▶ **WHAT THIS TASK INVOLVES**
Emit an exact copy of the lines running from the start of the records to the line containing "a front view", both included.

▶ **INPUT DATA**
########

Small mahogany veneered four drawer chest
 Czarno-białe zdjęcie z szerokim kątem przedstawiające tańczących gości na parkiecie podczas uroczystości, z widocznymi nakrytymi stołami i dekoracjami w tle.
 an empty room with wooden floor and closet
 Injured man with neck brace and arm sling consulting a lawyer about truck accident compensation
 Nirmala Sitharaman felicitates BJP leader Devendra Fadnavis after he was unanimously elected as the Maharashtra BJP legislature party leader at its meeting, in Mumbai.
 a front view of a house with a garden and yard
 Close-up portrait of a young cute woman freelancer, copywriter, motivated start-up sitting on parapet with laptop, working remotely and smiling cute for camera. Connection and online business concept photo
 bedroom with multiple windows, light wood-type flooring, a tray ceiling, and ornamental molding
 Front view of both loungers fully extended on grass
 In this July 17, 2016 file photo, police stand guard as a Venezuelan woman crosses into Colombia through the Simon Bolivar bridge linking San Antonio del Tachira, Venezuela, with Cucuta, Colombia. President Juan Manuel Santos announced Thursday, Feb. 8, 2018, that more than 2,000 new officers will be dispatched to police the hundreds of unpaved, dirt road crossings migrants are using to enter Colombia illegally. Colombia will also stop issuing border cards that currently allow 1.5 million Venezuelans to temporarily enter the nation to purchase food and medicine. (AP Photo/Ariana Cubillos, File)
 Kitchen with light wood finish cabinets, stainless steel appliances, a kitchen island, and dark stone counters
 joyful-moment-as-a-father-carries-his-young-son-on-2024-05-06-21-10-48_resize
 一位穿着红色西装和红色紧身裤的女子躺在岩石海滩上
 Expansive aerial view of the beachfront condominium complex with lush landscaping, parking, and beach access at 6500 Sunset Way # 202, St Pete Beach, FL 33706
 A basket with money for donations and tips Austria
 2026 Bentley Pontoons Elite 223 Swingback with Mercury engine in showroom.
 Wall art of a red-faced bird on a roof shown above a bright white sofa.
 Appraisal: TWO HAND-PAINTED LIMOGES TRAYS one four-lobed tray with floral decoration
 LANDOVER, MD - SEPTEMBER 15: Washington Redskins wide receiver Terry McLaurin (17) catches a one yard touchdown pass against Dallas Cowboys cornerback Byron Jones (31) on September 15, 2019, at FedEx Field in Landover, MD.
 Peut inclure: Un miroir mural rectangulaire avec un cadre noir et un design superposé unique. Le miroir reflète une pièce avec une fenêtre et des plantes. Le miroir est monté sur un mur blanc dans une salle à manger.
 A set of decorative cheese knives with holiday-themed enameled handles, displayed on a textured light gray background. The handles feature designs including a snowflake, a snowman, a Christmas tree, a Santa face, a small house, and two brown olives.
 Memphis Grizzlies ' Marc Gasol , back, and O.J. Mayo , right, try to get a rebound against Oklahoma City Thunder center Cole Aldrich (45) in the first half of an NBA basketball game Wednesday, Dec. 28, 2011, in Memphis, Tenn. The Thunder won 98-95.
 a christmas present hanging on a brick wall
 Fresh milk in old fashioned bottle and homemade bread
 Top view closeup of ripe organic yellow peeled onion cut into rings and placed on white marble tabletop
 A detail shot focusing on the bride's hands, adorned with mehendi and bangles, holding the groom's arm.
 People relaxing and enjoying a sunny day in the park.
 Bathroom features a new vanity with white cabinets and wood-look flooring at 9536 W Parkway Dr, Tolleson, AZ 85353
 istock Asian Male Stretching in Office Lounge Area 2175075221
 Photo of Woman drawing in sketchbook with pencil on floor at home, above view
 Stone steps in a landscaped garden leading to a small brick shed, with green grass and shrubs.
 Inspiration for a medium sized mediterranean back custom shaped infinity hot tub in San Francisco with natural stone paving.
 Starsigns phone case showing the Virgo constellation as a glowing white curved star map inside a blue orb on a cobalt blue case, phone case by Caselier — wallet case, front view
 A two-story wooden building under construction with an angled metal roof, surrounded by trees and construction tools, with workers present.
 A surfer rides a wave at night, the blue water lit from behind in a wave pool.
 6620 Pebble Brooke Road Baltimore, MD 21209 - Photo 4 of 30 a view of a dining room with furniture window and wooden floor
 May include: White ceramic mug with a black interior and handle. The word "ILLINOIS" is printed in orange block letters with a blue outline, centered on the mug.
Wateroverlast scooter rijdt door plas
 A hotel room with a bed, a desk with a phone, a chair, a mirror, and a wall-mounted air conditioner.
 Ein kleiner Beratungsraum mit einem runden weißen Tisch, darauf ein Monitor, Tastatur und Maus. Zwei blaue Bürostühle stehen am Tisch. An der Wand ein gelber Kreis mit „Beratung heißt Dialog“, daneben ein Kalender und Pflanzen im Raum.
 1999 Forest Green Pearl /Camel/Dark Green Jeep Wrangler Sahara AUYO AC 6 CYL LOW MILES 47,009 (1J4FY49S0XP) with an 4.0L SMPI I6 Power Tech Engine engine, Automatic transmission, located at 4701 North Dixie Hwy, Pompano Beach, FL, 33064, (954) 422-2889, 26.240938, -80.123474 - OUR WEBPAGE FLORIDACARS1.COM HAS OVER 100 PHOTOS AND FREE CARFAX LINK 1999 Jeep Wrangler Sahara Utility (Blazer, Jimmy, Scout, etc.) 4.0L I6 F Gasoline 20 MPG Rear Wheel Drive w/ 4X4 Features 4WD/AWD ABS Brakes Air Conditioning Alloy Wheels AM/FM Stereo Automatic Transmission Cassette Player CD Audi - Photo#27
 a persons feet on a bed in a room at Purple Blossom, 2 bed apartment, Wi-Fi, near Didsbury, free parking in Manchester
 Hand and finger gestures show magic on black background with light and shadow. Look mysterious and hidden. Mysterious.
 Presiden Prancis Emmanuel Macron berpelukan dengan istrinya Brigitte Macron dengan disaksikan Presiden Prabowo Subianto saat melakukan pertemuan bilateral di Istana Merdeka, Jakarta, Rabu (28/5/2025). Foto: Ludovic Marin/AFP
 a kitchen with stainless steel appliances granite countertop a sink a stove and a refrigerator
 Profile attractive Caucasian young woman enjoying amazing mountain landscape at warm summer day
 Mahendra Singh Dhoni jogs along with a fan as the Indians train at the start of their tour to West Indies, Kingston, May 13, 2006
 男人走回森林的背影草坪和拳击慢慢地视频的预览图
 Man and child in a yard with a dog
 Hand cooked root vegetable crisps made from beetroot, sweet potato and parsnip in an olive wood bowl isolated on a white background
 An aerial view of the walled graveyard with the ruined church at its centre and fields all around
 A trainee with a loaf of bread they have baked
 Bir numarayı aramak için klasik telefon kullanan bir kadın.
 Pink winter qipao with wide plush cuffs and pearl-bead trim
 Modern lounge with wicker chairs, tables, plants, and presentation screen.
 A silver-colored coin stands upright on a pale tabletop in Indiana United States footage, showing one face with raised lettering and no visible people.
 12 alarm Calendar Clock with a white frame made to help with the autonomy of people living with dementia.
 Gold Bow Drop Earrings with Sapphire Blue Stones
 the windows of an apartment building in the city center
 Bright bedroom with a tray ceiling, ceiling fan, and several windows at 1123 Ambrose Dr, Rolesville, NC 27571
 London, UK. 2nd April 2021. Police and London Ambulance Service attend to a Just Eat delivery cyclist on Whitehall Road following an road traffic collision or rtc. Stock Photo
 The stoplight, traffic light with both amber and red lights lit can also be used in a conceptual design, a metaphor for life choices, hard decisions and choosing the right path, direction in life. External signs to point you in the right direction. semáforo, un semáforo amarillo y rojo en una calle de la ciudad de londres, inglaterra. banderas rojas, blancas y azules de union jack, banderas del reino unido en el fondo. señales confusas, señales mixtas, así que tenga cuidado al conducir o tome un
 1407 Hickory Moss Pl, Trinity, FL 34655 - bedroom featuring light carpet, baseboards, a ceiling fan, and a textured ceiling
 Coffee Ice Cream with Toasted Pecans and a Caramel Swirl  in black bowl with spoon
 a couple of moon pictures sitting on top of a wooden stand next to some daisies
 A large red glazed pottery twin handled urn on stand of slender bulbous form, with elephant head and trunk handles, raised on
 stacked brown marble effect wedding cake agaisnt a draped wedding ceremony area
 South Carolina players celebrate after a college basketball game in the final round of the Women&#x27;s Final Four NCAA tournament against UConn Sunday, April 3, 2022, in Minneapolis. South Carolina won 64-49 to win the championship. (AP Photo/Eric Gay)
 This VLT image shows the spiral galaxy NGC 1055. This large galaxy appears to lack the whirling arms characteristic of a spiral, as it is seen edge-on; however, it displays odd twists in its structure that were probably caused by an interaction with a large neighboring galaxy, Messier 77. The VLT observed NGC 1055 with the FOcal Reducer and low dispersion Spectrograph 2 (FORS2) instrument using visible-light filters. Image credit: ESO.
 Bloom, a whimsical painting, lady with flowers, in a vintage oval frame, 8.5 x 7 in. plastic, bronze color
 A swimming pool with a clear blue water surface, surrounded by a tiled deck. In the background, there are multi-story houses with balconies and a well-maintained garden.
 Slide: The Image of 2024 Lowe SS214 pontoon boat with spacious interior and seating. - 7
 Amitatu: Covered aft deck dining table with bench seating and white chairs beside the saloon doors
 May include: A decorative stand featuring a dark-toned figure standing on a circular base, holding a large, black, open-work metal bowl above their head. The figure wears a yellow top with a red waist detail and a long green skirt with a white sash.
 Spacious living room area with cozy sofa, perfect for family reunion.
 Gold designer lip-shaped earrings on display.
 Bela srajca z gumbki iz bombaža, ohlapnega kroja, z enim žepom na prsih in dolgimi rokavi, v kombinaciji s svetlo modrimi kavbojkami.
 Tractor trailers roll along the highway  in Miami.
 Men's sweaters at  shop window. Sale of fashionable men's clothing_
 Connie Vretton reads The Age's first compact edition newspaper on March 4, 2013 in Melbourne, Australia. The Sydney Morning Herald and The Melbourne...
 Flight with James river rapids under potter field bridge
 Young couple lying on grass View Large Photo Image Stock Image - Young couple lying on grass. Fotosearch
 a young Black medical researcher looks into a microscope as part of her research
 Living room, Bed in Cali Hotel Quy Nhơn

########

▶ **COMPLETED EXERCISE**
Small mahogany veneered four drawer chest
 Czarno-białe zdjęcie z szerokim kątem przedstawiające tańczących gości na parkiecie podczas uroczystości, z widocznymi nakrytymi stołami i dekoracjami w tle.
 an empty room with wooden floor and closet
 Injured man with neck brace and arm sling consulting a lawyer about truck accident compensation
 Nirmala Sitharaman felicitates BJP leader Devendra Fadnavis after he was unanimously elected as the Maharashtra BJP legislature party leader at its meeting, in Mumbai.
 a front view of a house with a garden and yard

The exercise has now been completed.